Psychological safety is the understanding that being honest and open is ok, and in return for the honesty, there won’t be punishment or negative repercussions. 

That doesn’t mean a culture that is psychologically safe has cruelty and tactless banter, but rather, the team responsibly considers the topic at hand, how the group works as a whole, or upcoming projects and shares their thoughts to advance the conversation.

This includes sharing innovative ideas, challenging the popular opinion, or considering an idea from multiple perspectives.

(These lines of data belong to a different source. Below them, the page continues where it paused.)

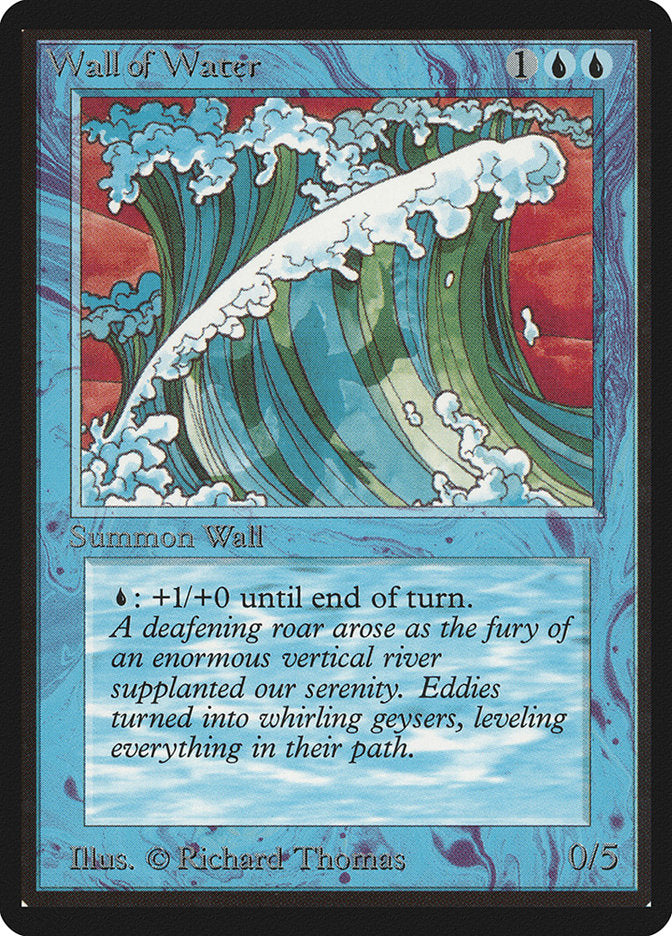 Wall of Water [Beta Edition] | GrognardGamesBatavia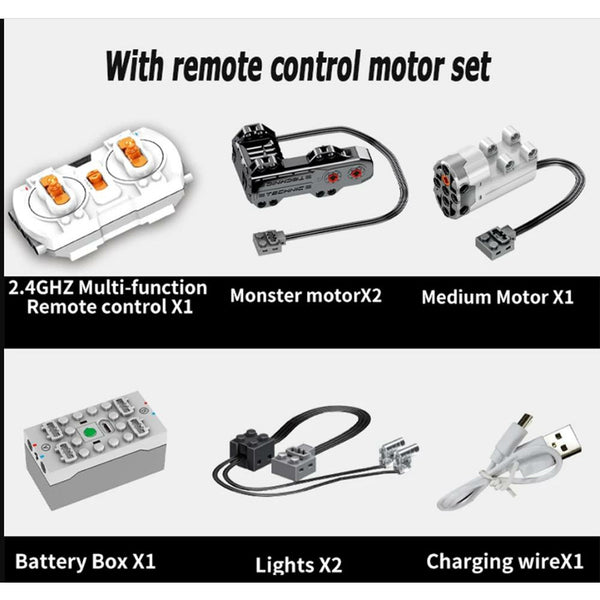 SY 8880 - Technik 2,4 Ghz RC Monstertruck - 1233 Klemmbausteine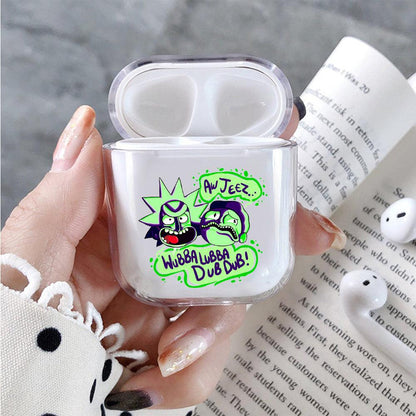Crazy Rick and Morty Apple Airpods Clear Case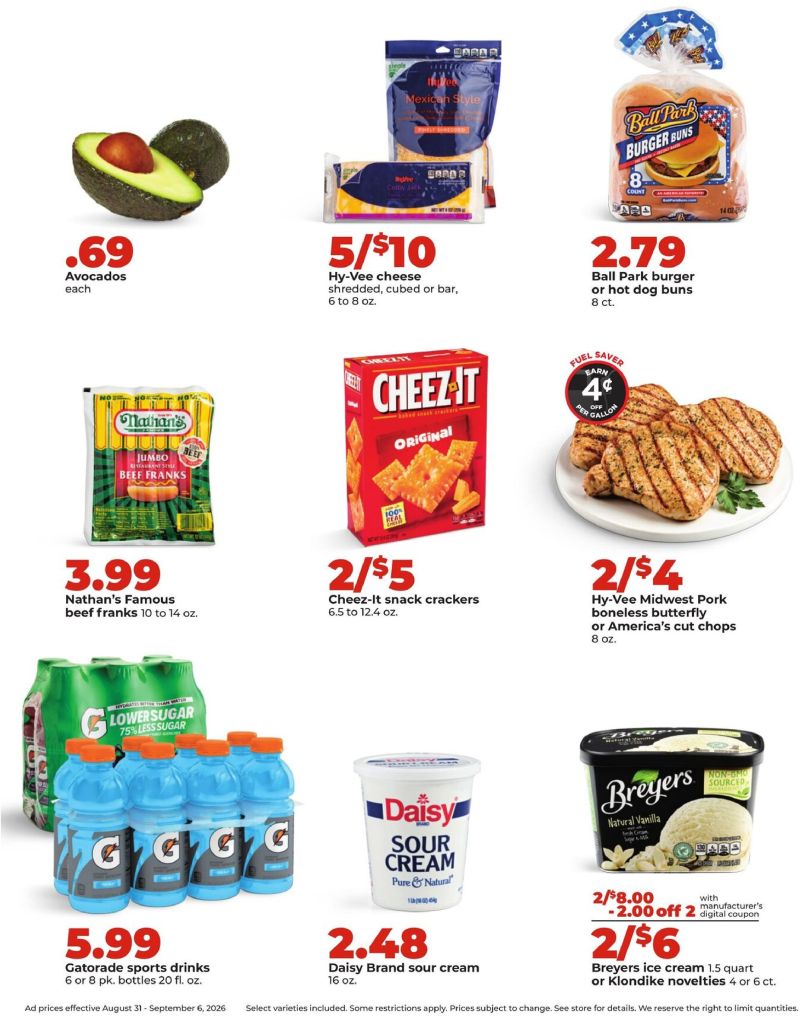 HYVEE weekly ad Aug 31 – Sep 7, 2026 – page 2
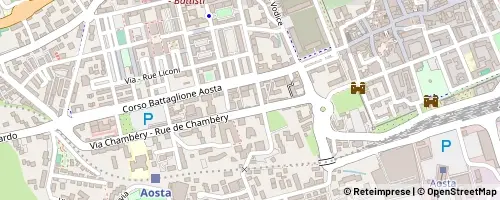 Mappa Aosta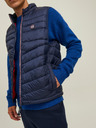 Jack & Jones Tmavomodrá pánska prešívaná vesta Jack & Jones Hero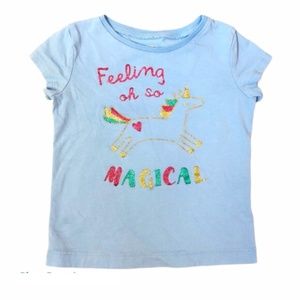 3/$12 Carter's Girl Toddler Blue Tee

In addition to sharing, the team’s reception to that honesty is vital. Even if on the surface an idea isn’t the best, or even turns out to be a flop, giving the idea time to breathe shows the sharer their idea was valuable.

Because we are often taught to mind authority and to not challenge the current practices, this can be quite an obstacle to overcome. 


As a sharer, here are some things to remember.

  • Be as clear as you can.
    When sharing an idea, its ok to not have it completely mapped out, but when you take too long to get to the point, you lose listeners.

  • It’s ok for an idea not to work out.
    Sharing in a group might be intimidating because having an audience find out your idea flopped can be embarrassing. It’s ok! Being vulnerable means you are putting collaboration before ego.

  • It’s how you say it.
    When challenging an idea, curiosity, not blame, sets a positive tone for the conversation.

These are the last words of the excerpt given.